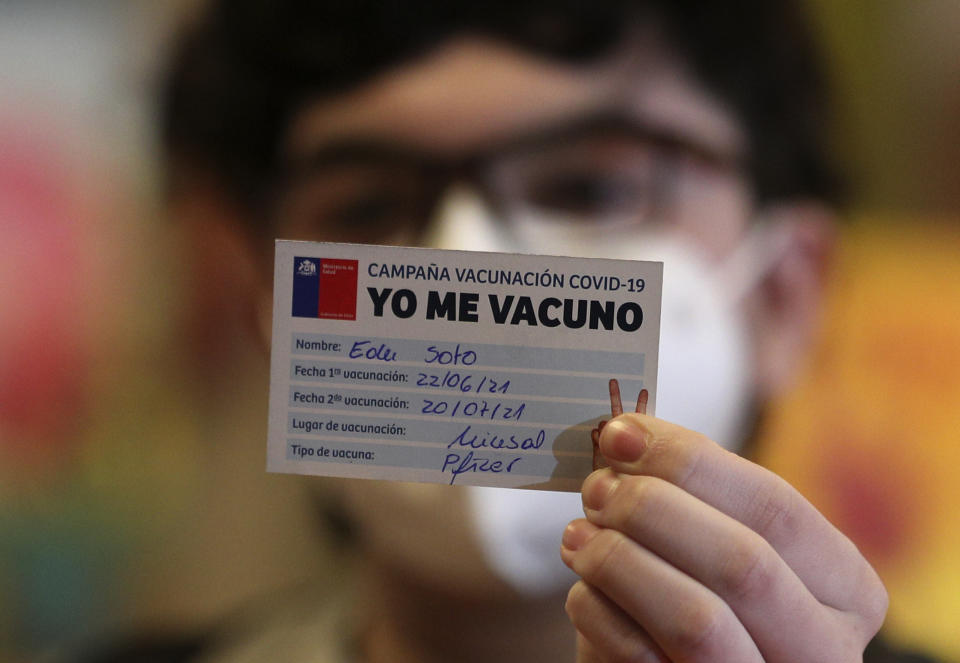 Edu Soto, 15, shows his vaccination card to the camera after getting a first dose of the Pfizer vaccine for COVID-19 at the Teleton Institute, a clinic that specializes in treating chronically ill children in Santiago, Chile, Tuesday, June 22, 2021, on the first day the government started vaccinating youths between ages 12 and 17 who have chronic illnesses. (AP Photo/Esteban Felix)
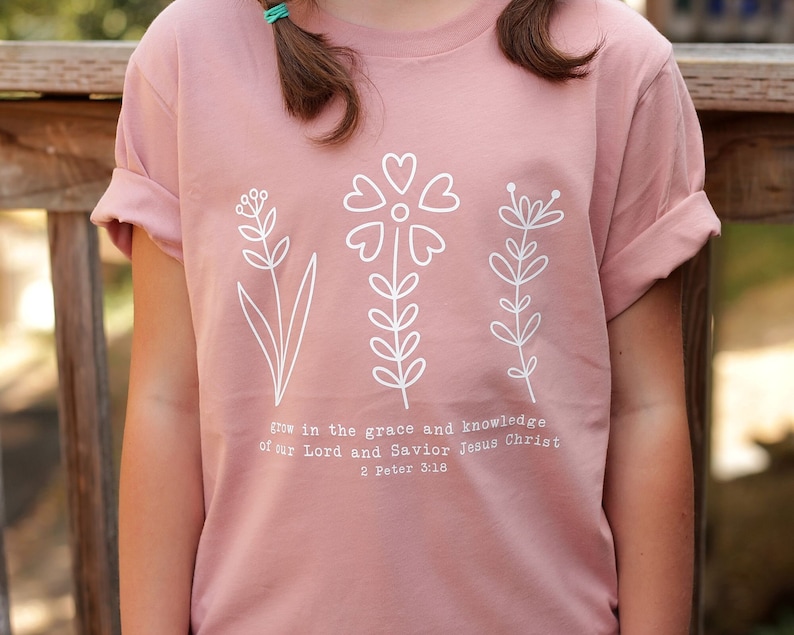 May include: A pink t-shirt with a white floral design and the text "grow in the grace and knowledge of our Lord and Savior Jesus Christ 2 Peter 3:18".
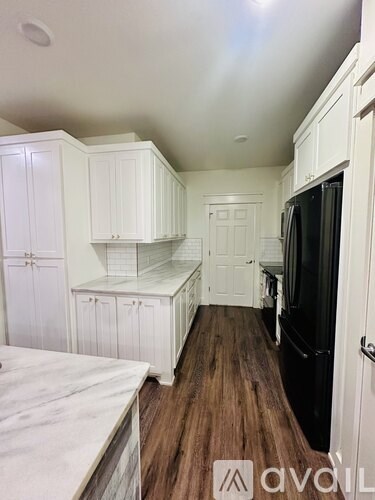 A kitchen with white cabinets and a black refrigerator.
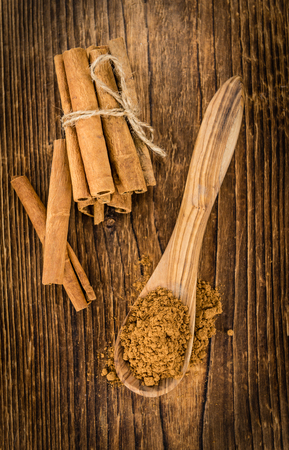 Cinnamon (ground) on an old wooden table as detailed close-up shot (selective focus)の写真素材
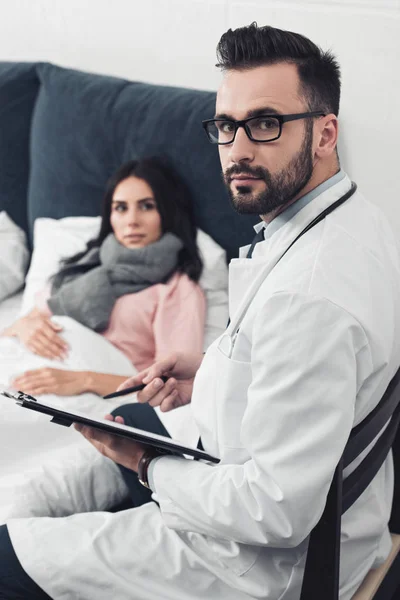 Beau jeune médecin assis avec presse-papiers et regardant la caméra tandis que la patiente couchée au lit sur le fond — Photo de stock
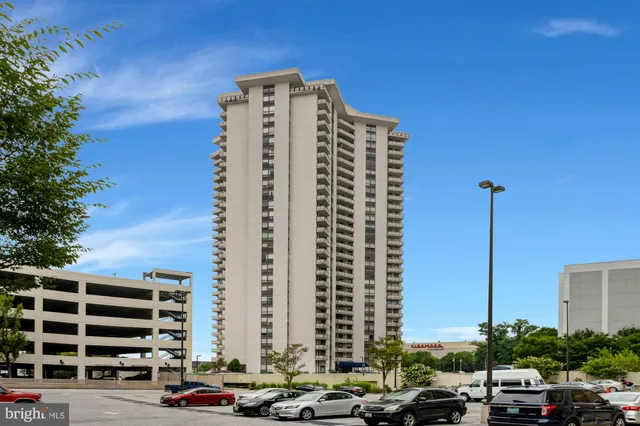 a view of a building with a street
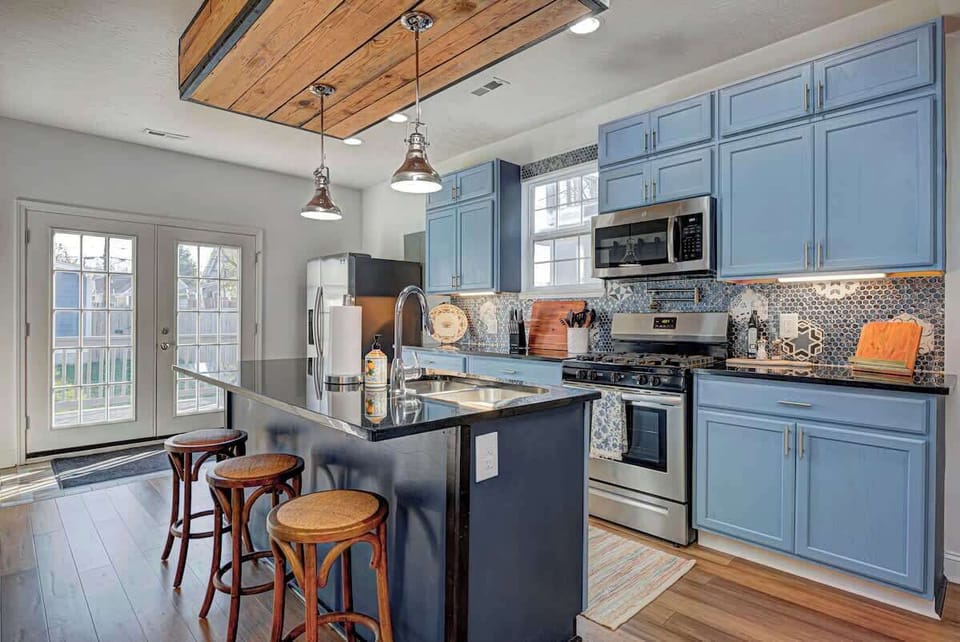 The fully equipped kitchen has everything you need, including cooking utensils, dishes, and cups. A coffee bar, complete with sugar and creamer, adds convenience, and the island seats 3 comfortably for dining or meal prep.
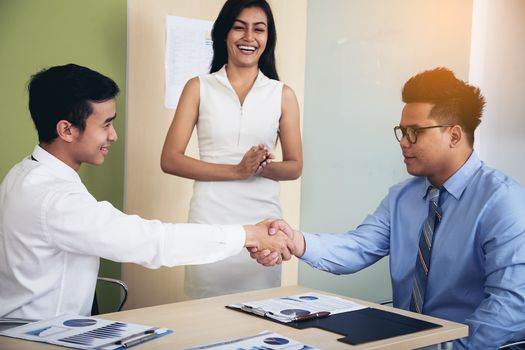 Image of a businessman joining hands after agreeing to a business deal.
————————
-- Task instructions --
The response must repeat exactly the lines above from the one with "Beau jeune médecin" through the one with "a view of a building with a street", including both, and must contain no pictures and no other text.

-- Worked solution --
 Beau jeune médecin assis avec presse-papiers et regardant la caméra tandis que la patiente couchée au lit sur le fond — Photo de stock
 a view of a building with a street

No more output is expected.